Politique / Sida Le Journal du Sida Février 2009

Now Voyager

Il y a trois ans, en revenant de New York, j’ai fait la connaissance d’une jeune femme dans l’avion. J’étais déjà à ma place, bien calé contre la fenêtre, alors que le reste des passagers embarquait. Comme toujours, mon esprit était fermé, les mâchoires serrées, j’avais déjà envisagé le pire pour le voyage : des enfants tout autour de moi, beaucoup d’enfants. À la place est arrivée cette femme, brune, assez jolie, et je lui ai lancé mon regard de bienvenue traditionnel : ici on ne rigole pas, et je n’ai pas envie de me faire emmerder. Mais celle-ci m’a lancé un sourire qui m’a complètement désarmé, c’est comme si elle m’avait touché avec une baguette magique qui aurait dit : « Je ne suis pas exactement celle que vous pensez ». L’avion n’était même pas sur le point de décoller que nous étions lancés dans une discussion qui, chaque minute d’avantage, me stupéfiait par son évidence. Elle s’installa, et en quelques instants, sans même que cela semble forcé, j’apprenais qu’elle était heureuse de retrouver son petit ami, Français, qui l’attendait à Paris. Elle était aussi fatiguée, car elle venait de San Francisco. Par le plus grand des hasards, elle me dit plus tard qu’elle travaillait dans un centre d’hébergement pour femmes séropositives. Je finis par lui dire que j’avais moi aussi travaillé dans la lutte contre le VIH. L’avion se dirigeait très lentement vers la piste de décollage, nous étions en neuvième position, le voyage prenait beaucoup de retard, c’était une nuit glaciale d’hiver. Dans ma vraie vie, j’aurais été d’une humeur exécrable, avec un gros nuage noir sur la tête. Mais nous étions dans un échange si intime que les amis qui m’accompagnaient dans ce voyage, assis plus loin dans l’avion, me regardaient avec de grands yeux : « De quoi est-il en train de parler d’une manière si amicale ??? ». J’étais là, évaluant à voix basse les avantages et les inconvénients d’une long distance love affair, puisque cette femme de 24 ans se demandait si elle allait s’installer en France pour se marier avec ce Français. Et comme j’ai vécu ça, il y a vingt ans, avec le plus bel amour de ma vie, j’avais deux ou trois conseils à lui offrir.

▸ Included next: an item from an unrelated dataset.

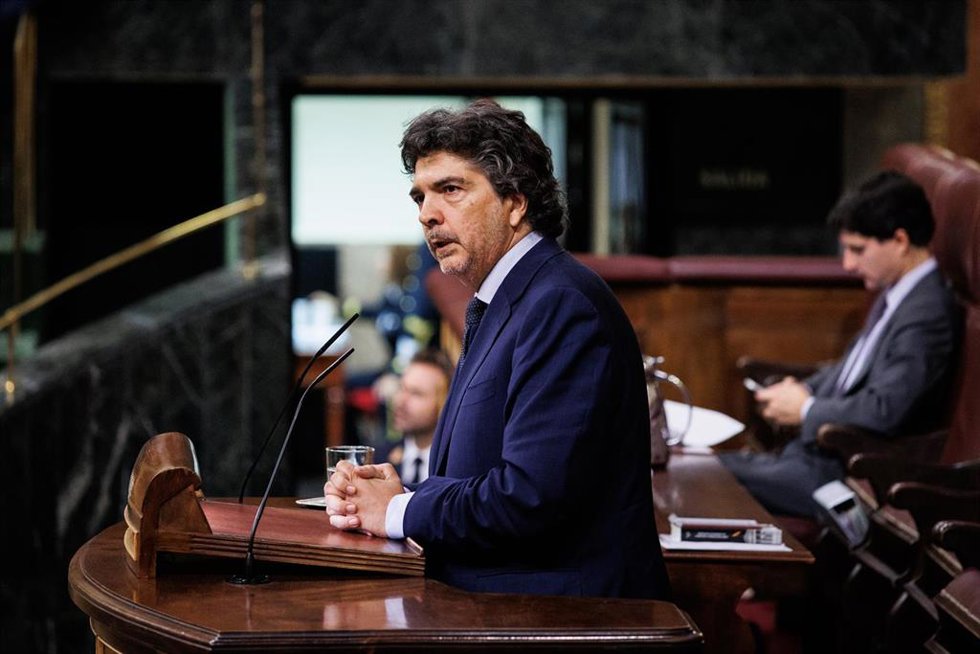 El diputado del PP por Huesca en el Congreso de los Diputados, Mario Garcés Sanagustín, interviene durante una sesión plenaria en el Congreso 
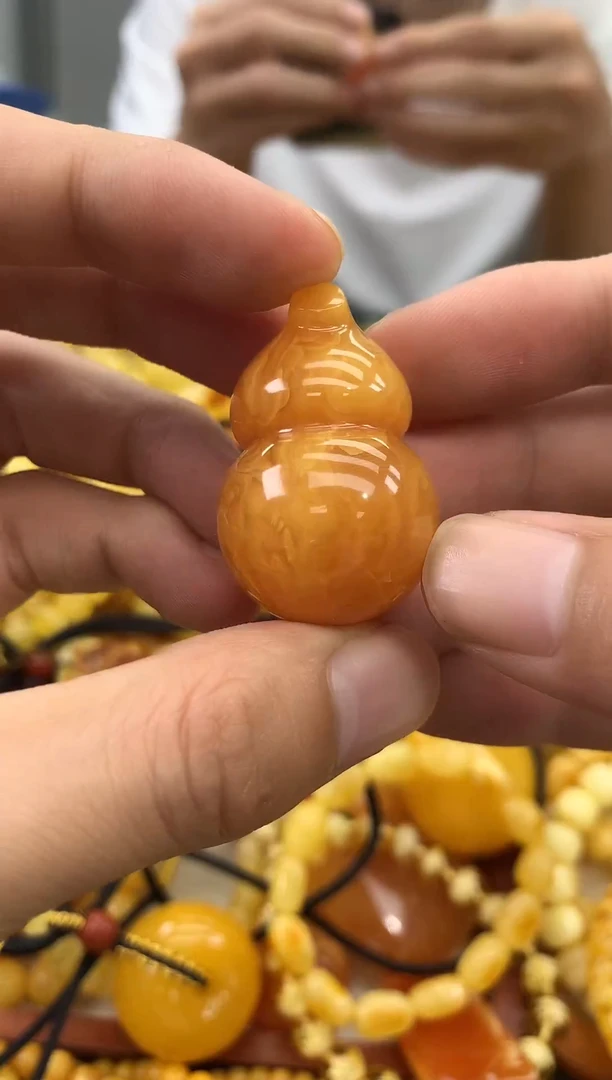 裸石蜜蜡未镶嵌葫芦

Quand l’avion a finalement décollé, notre discussion s’est légèrement évaporée. Les Américains possèdent énormément de codes dans la conversation : il ne faut pas trop en dire, l’exaltation n’est pas quelque chose dont il faut abuser, certaines distances doivent être respectées. Nous aurions pu aller plus loin dans les confidences, mais l’objectif était déjà atteint : nous avions vécu un « moment » et cette femme, qui était deux fois plus jeune que moi, très WASP de la côte Ouest, m’avait mis dans sa poche. La confiance avait surgi, de nulle part, le genre de truc dont on fait des romans. Mon point : désormais, mes amis et moi, quand nous parlons de quelqu’un à qui on ne peut pas faire confiance, nous disons « c’est un barabacker ». La traîtrise a un nom, c’est devenu une formule de langage, exactement comme les médias américains sont en train d’utiliser le nom de Madoff comme un adjectif. Comme : « Ce contrat est tellement Madoff ! ». En attendant de voir l’apparition du verbe : « Tu n’as pas intérêt à me madoffer ! ». Beaucoup de gens disent que la crise que nous traversons n’est pas seulement une crise économique. C’est une crise de confiance. Et dans la sexualité, Madoff, c’est le barebacker.